%%

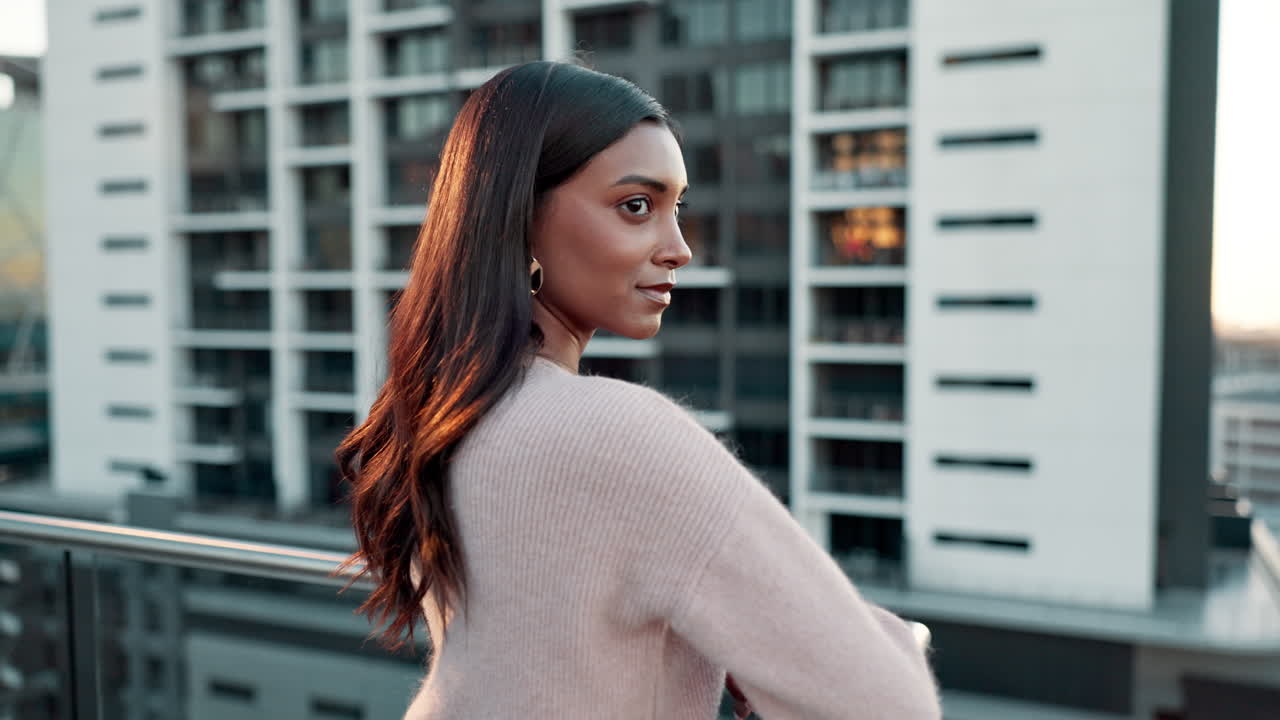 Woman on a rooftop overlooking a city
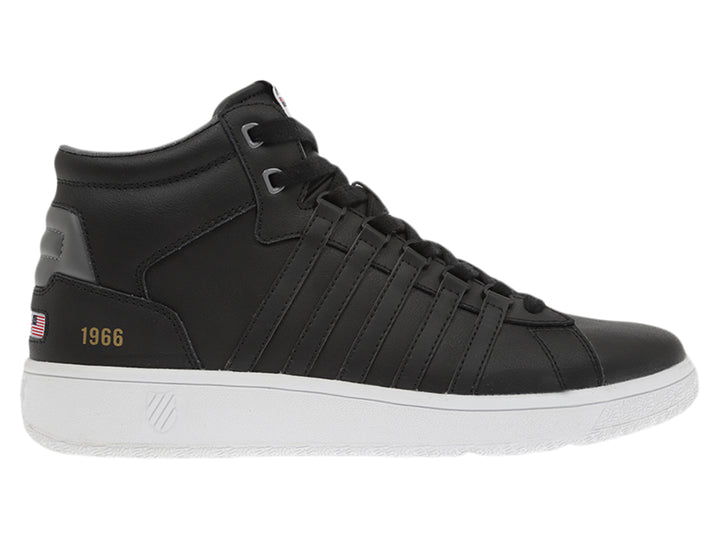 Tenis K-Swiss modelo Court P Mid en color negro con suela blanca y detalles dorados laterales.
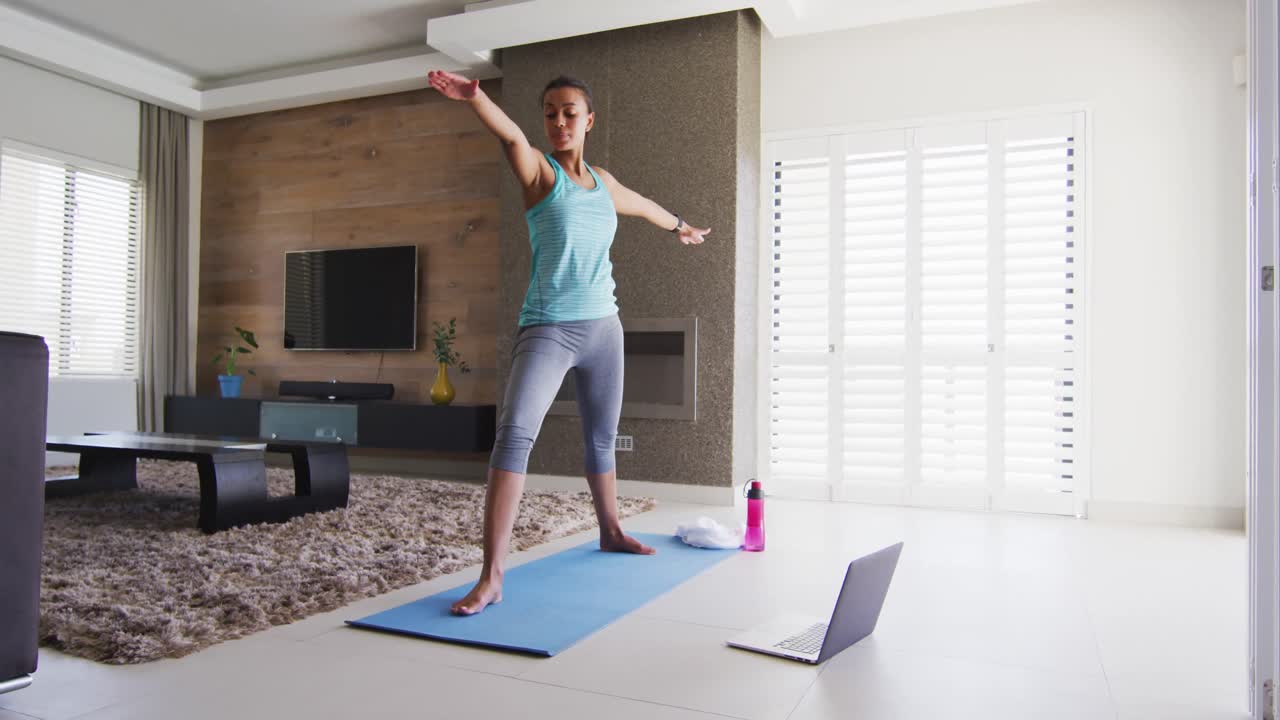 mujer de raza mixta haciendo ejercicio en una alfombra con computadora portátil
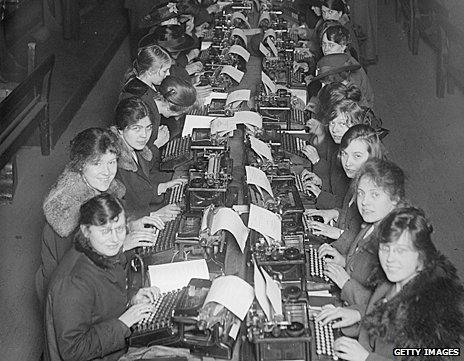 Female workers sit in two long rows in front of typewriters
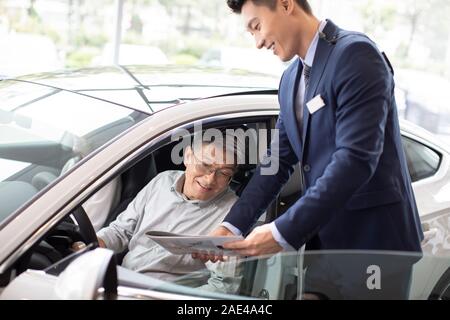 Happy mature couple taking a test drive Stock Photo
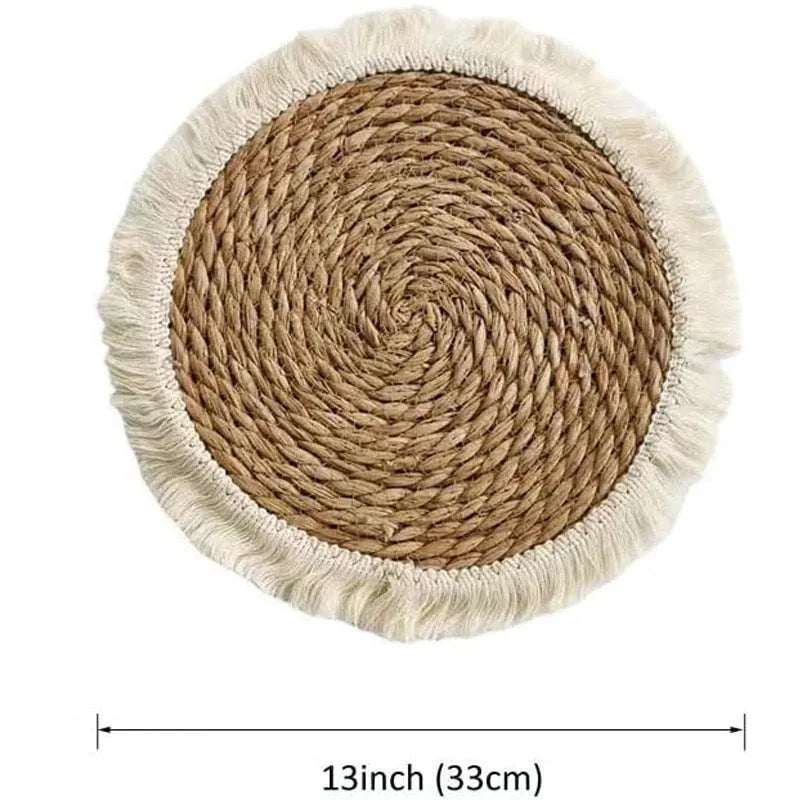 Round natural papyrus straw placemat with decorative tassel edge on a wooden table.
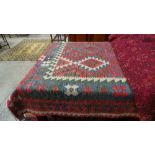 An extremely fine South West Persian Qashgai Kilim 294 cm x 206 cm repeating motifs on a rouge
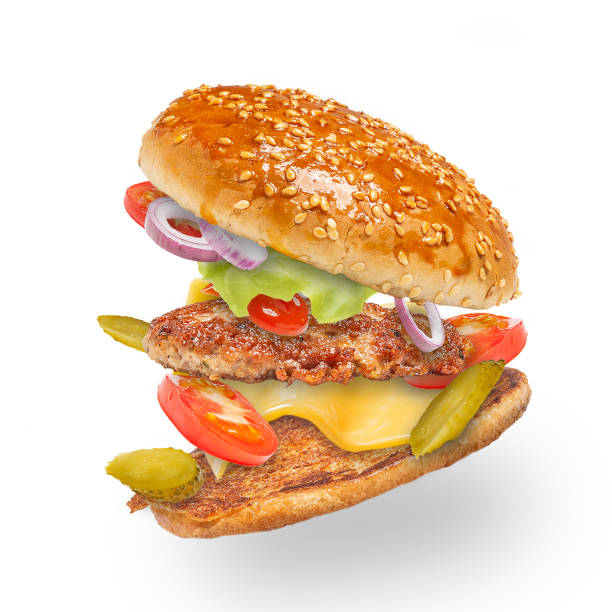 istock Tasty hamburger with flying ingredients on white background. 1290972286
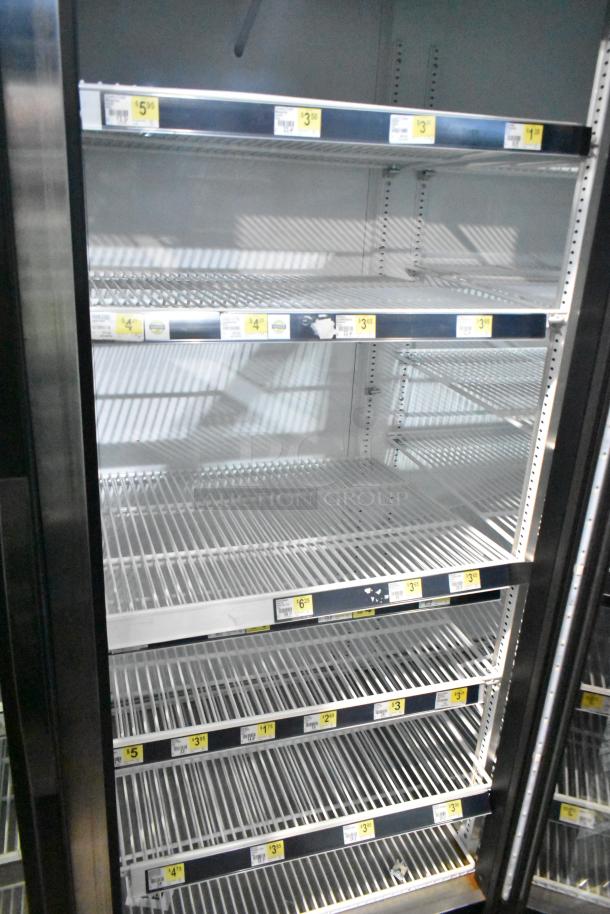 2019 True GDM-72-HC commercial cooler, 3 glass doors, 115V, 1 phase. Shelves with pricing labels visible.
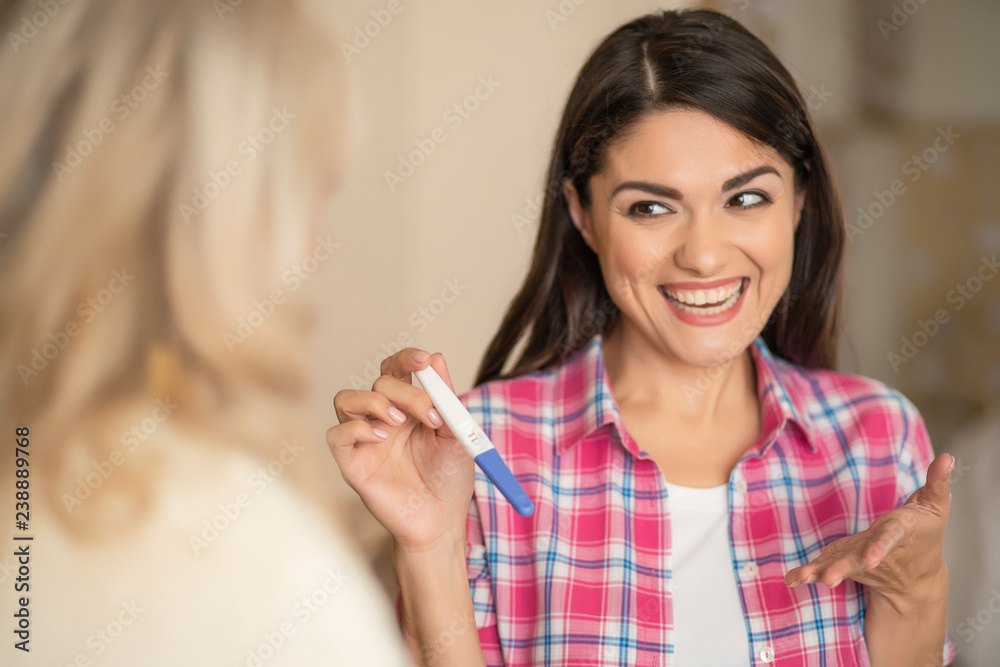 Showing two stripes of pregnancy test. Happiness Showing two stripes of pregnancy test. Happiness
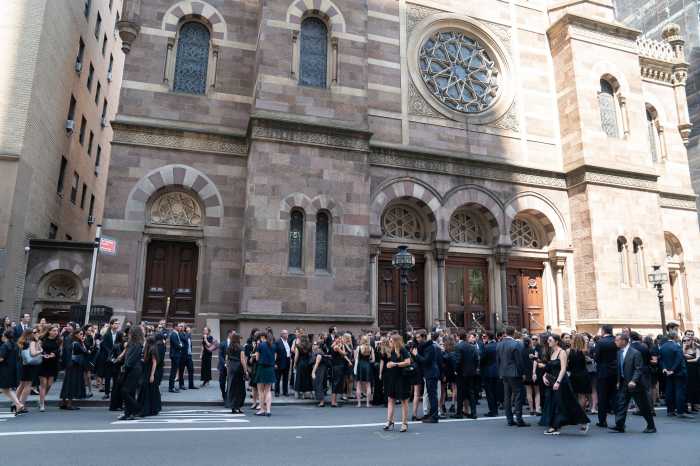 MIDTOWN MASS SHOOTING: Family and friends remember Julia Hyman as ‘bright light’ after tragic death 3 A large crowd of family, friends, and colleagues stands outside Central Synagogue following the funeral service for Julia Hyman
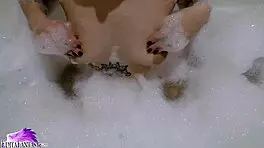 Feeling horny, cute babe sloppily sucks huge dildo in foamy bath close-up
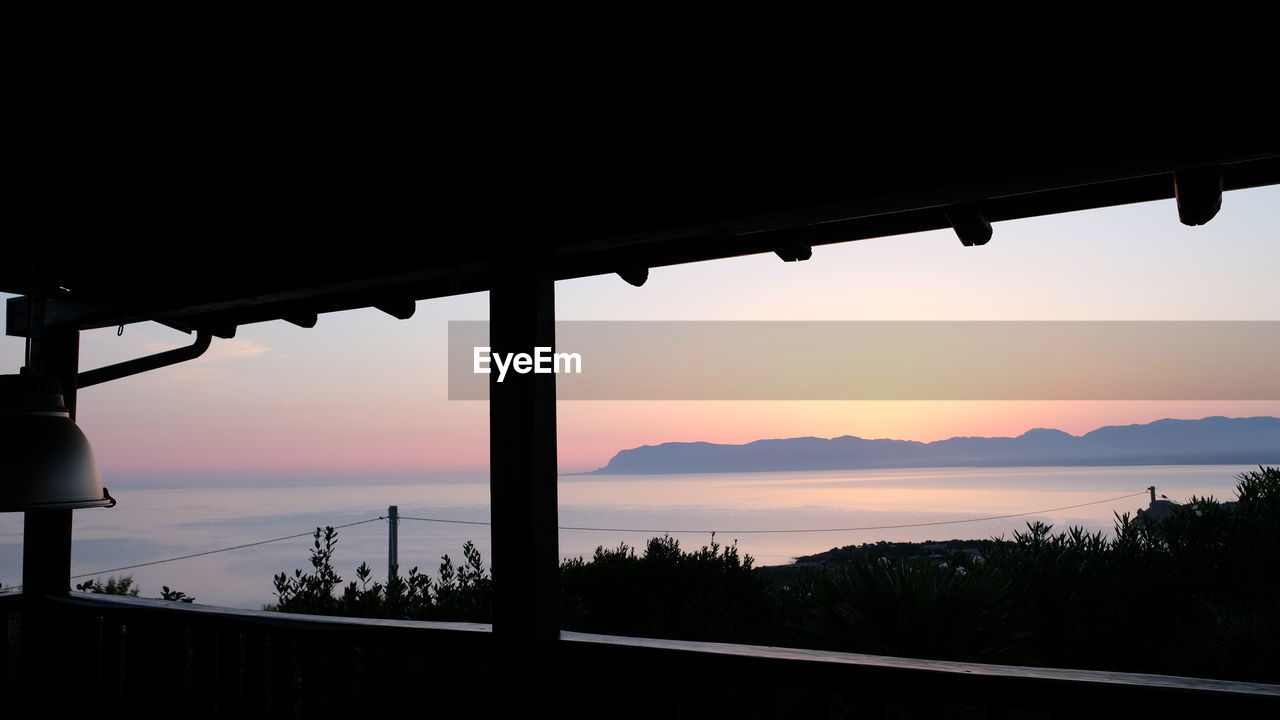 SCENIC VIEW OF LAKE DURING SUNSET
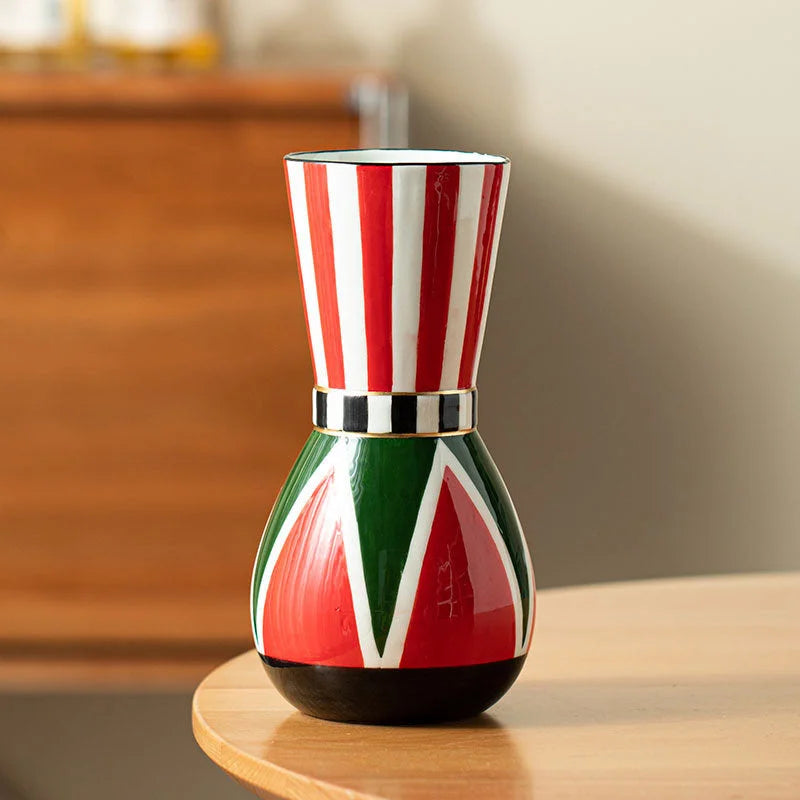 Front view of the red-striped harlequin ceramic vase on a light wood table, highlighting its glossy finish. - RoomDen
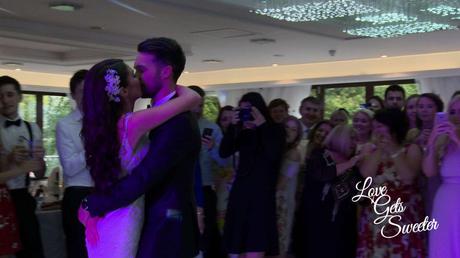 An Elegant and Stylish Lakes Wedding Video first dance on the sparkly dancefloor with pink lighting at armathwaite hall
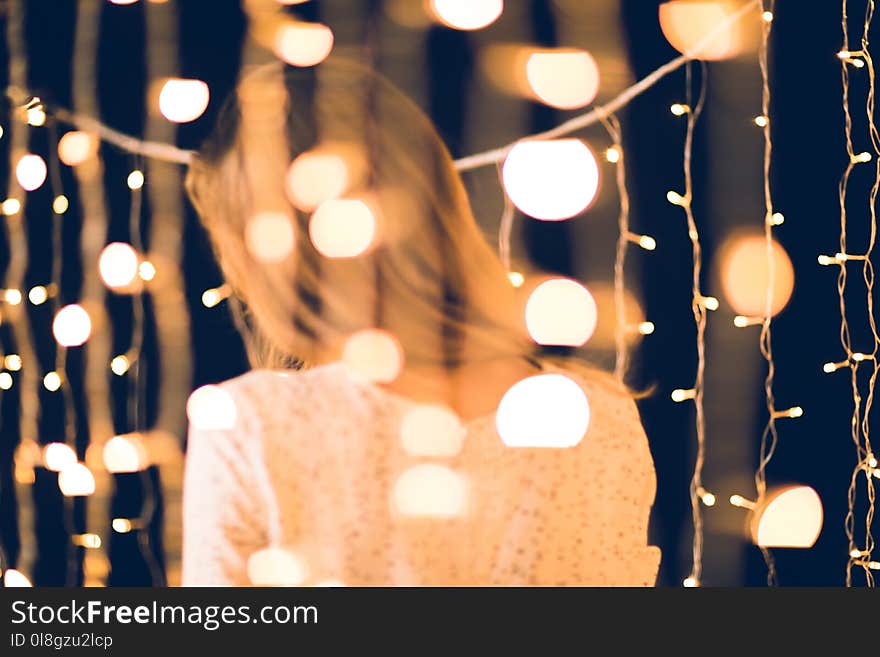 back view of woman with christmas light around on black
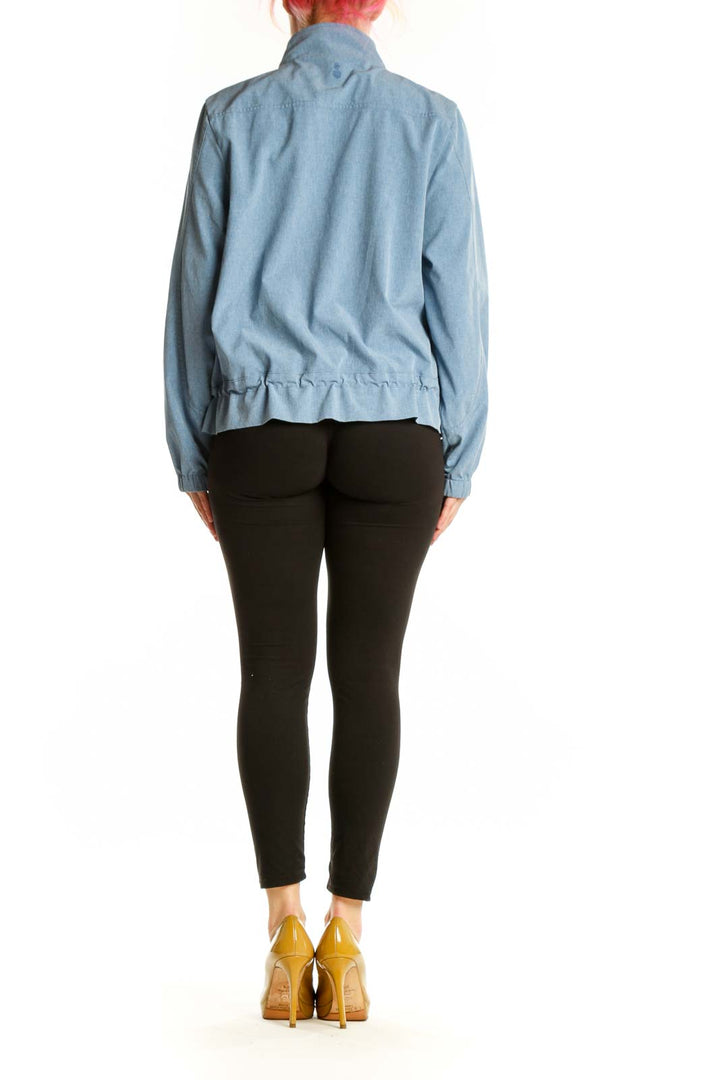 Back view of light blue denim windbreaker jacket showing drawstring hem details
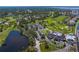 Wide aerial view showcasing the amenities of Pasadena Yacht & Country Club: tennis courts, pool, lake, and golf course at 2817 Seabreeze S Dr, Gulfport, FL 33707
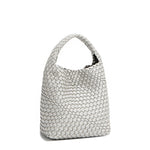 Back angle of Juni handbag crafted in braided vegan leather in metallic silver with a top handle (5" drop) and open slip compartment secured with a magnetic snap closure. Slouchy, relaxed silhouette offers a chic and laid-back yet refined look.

%%

→ **Exercise description**: In the listing above, find the line containing "Front view of" and the line containing "Wide aerial view", then output those two lines and everything between them exactly as written, without the images.

→ **Response to this task**:
 Front view of the red-striped harlequin ceramic vase on a light wood table, highlighting its glossy finish. - RoomDen
 An Elegant and Stylish Lakes Wedding Video first dance on the sparkly dancefloor with pink lighting at armathwaite hall
 back view of woman with christmas light around on black
 Back view of light blue denim windbreaker jacket showing drawstring hem details
 Wide aerial view showcasing the amenities of Pasadena Yacht & Country Club: tennis courts, pool, lake, and golf course at 2817 Seabreeze S Dr, Gulfport, FL 33707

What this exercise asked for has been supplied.